Overview of Pakistan

Pakistan, officially the Islamic Republic of Pakistan, is the world’s sixth-most populous country with a population exceeding 212,742,631 people. In the area, it is the 33rd-largest country, spanning 881,913 square kilometers (340,509 square miles). Pakistan has a 1,046-kilometre (650-mile) coastline along the Arabian Sea and the Gulf of Oman in the south and is bordered by India to the east, Afghanistan to the west, Iran to the southwest, and China in the northeast. It is separated narrowly from Tajikistan by Afghanistan’s Wakhan Corridor in the northwest and also shares a maritime border with Oman.
The territory that now constitutes Pakistan was the site of several ancient cultures and intertwined with the history of the broader Indian subcontinent.
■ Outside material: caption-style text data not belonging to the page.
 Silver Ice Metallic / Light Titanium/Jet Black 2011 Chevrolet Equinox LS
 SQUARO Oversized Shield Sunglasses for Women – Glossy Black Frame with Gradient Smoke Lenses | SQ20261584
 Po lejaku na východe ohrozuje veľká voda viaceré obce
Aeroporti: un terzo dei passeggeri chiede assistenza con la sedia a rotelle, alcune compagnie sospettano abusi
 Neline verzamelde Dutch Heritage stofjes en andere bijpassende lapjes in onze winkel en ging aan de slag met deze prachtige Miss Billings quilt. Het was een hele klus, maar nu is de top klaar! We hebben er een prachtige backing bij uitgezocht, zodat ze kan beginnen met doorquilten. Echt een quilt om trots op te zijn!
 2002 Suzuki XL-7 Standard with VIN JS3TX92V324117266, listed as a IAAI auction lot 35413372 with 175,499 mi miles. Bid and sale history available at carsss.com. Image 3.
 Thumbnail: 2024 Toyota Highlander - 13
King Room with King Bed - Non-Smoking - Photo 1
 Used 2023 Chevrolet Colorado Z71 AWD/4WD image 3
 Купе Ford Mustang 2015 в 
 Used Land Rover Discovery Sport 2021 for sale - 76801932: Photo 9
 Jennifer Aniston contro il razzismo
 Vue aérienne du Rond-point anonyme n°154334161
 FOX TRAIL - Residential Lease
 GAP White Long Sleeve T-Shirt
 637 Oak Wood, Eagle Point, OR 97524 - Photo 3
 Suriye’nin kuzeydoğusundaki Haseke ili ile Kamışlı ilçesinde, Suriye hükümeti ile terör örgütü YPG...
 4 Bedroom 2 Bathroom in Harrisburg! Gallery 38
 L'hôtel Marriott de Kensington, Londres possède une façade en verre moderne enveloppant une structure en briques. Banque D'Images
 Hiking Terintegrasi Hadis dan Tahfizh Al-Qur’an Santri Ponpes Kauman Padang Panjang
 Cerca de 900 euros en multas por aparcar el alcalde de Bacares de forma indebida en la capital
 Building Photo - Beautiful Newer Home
The ancient history involves the Neolithic site of Mehrgarh and the Bronze Age Indus Valley Civilisation and was later home to kingdoms ruled by people of different faiths and cultures, including Hindus, Indo-Greeks, Muslims, Turco-Mongols, Afghans, and Sikhs. The area has been ruled by numerous empires and dynasties, including the Persian Achaemenid Empire, Alexander III of Macedon, the Seleucid Empire, the Indian Maurya Empire, the Gupta Empire, the Arab Umayyad Caliphate, the Delhi Sultanate, the Mongol Empire, the Mughal Empire, the Afghan Durrani Empire, the Sikh Empire (partially) and, most recently, the British Indian Empire. Pakistan is the only country to have been created in the name of Islam. It is an ethnically and linguistically diverse country, with similarly diverse geography and wildlife. Initially, a dominion, Pakistan adopted a constitution in 1956, becoming an Islamic republic. An ethnic civil war and Indian military intervention in 1971 resulted in the secession of East Pakistan as the new country of Bangladesh. In 1973, Pakistan adopted a new constitution which stipulated that all laws are to conform to the injunctions of Islam as laid down in the Quran and Sunnah.
A regional and middle power, Pakistan has the sixth-largest standing armed forces in the world and is also a nuclear power as well as a declared nuclear-weapons state, the second in South Asia and the only nation in the Muslim world to have that status. Pakistan has a semi-industrialized economy with a well-integrated agriculture sector and a growing services sector. It is ranked among the emerging and growth-leading economies of the world and is backed by one of the world’s largest and fastest-growing middle class. Pakistan is a member of the UN, the Shanghai Cooperation Organisation, the OIC, the Commonwealth of Nations, the SAARC and the Islamic Military Counter Terrorism Coalition.

Etymology

The name Pakistan literally means “land of the pure” in Urdu and Persian. It alludes to the word pāk meaning pure in Persian and Pashto. The suffix ـستان (-stān) is a Persian word meaning the place of, and also recalls the synonymous (and cognate) Sanskrit word sthāna.
The name of the country was coined in 1933 as Pakstan by Choudhry Rahmat Ali, a Pakistan Movement activist, who published it in his pamphlet Now or Never, using it as an acronym (“thirty million Muslim brethren who live in PAKSTAN”) referring to the names of the five northern regions of British India: Punjab, Afghania, Kashmir, Sindh, and Baluchistan. The letter i was incorporated to ease pronunciation.